AMD: Navi Speculation, Rumours and Discussion [2017-2018]

Discussion in 'Architecture and Products' started by Jawed, Mar 23, 2016.

Tags:
Thread Status:
Not open for further replies.
  1. CaptainGinger

    Newcomer

    Joined:
    Feb 28, 2004
    Messages:
    92
    Likes Received:
    47
    Vega is not an IMC.
     
  2. Anarchist4000

    Veteran Regular

    Joined:
    May 8, 2004
    Messages:
    1,439
    Likes Received:
    359
    Everything else AMD is releasing is and research from AMD and Nvidia support the idea. GPUs scale far more easily than CPUs.

    Just treat each stack/PIM as an independent cache and duplicate vertex data with a paging mechanism from system memory. Same idea as HBCC where only ~3% of the frame changes each iteration. Any modifications can be brute forced from there with heavy frustum culling. Something which primitive shaders have been suggested to be good at.

    Vega should have all the pieces required for MCM already, assuming the new features were functioning. I'm still of the mindset Navi is an ~200mm2 Vega as opposed to a big one. The current small Vegas are all integrated, excluding the Intel thing.
     
  3. Infinisearch

    Veteran Regular

    Joined:
    Jul 22, 2004
    Messages:
    739
    Likes Received:
    139
    Location:
    USA
    That's the point... if we assume the application programmer optimized the order of vertex's/index's for the post and pre transform caches the majority of triangles can be formed with data local to one chiplet. This will most likely require more complicated vertex buffering but the point is most vertex data and work associated with them and the triangle data can be kept local.
    Its not really about the vertex data though, although it is a bonus along with providing work for all chiplets. The real point would be doing things this way minimizes transfers that have to do with the output of the rasterizer. If you don't batch visibility all at once overdraw bandwidth would consume 'extra' bandwidth.
     
  4. 3dilettante

    Legend Alpha

    Joined:
    Sep 15, 2003
    Messages:
    8,122
    Likes Received:
    2,873
    Location:
    Well within 3d
    EPYC shows something like ~50ns extra latency over a local access if going to another die in the same package. Over xGMI, it seems to take ~120ns.
    https://www.servethehome.com/amd-epyc-infinity-fabric-latency-ddr4-2400-v-2666-a-snapshot/

    I haven't heard whether HBM low-cost is confirmed, since the last I saw Samsung was still shopping the idea around. HBM3 is apparently late 2019/2020, which I would need to reconcile with AMD's roadmap having Navi apparently earlier and Next Gen in that slot.
    Vega 20 supposedly has xGMI, which would be an off-package bus running over a PCIe physical interface. There can be use cases for that in compute nodes or servers, although if used in the client space it's potentially more able to accelerate resource moves prompted by the copy queue or AMD's existing transfer over PCIe capabilities.

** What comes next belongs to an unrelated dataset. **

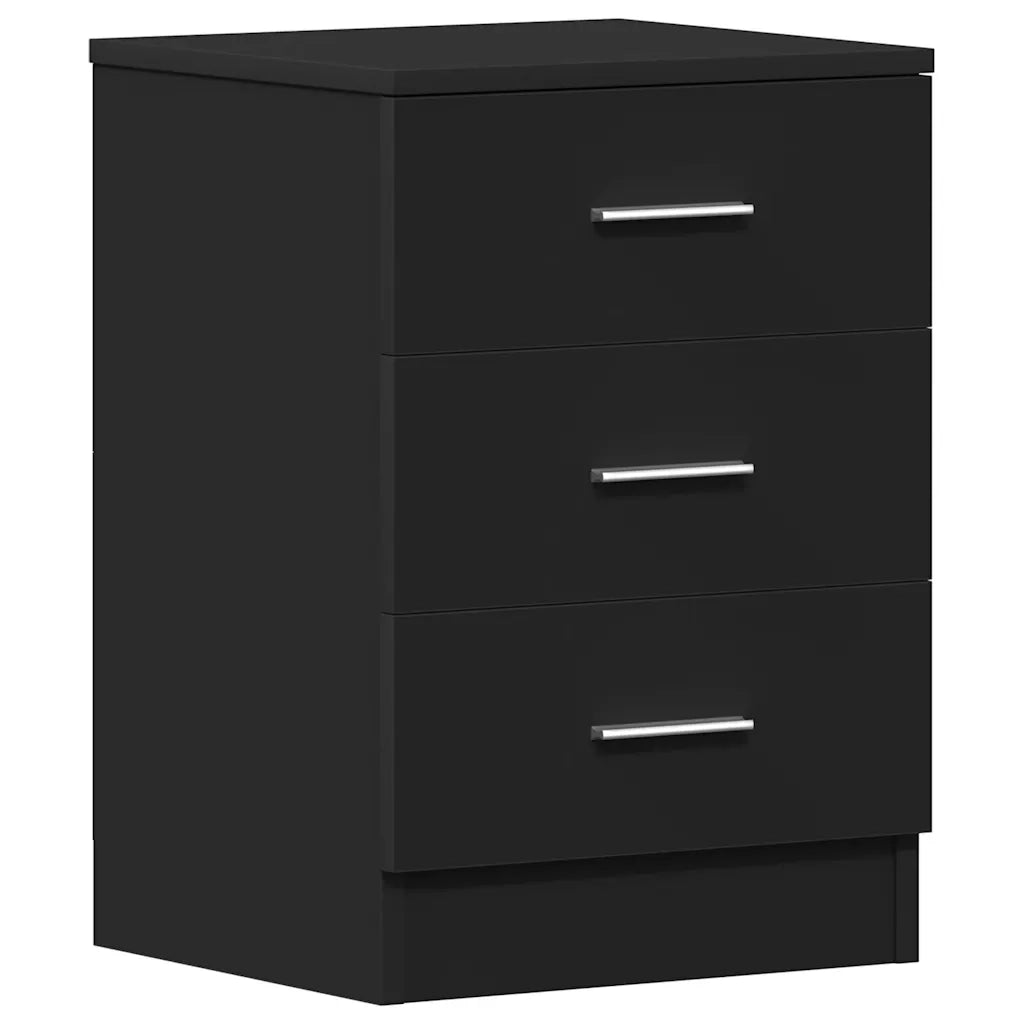 Comodino Nero 38x35x56 cm in Truciolato cod mxl 52547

    Assuming the Polaris and Carrizo refreshes as insignificant changes, and that the shrinks for the Xbox One S and PS4 Slim aren't big enough changes despite being different chips. There's Xbox One X, PS4 Pro, Vega 10, Raven Ridge, and the Intel custom chip.
    I would say the console shrinks and subsequent distinct SOCs are evidence that AMD can find the means to roll out more than 4, if it wants to.
    Given the quality of Vega's rollout, I'll grant that it's apparently not able to roll them out very well.

    It technically could, but the sort of overhead AMD documented for EPYC would lead to more die area and power efficiency lost to the attempt than if they hadn't bothered.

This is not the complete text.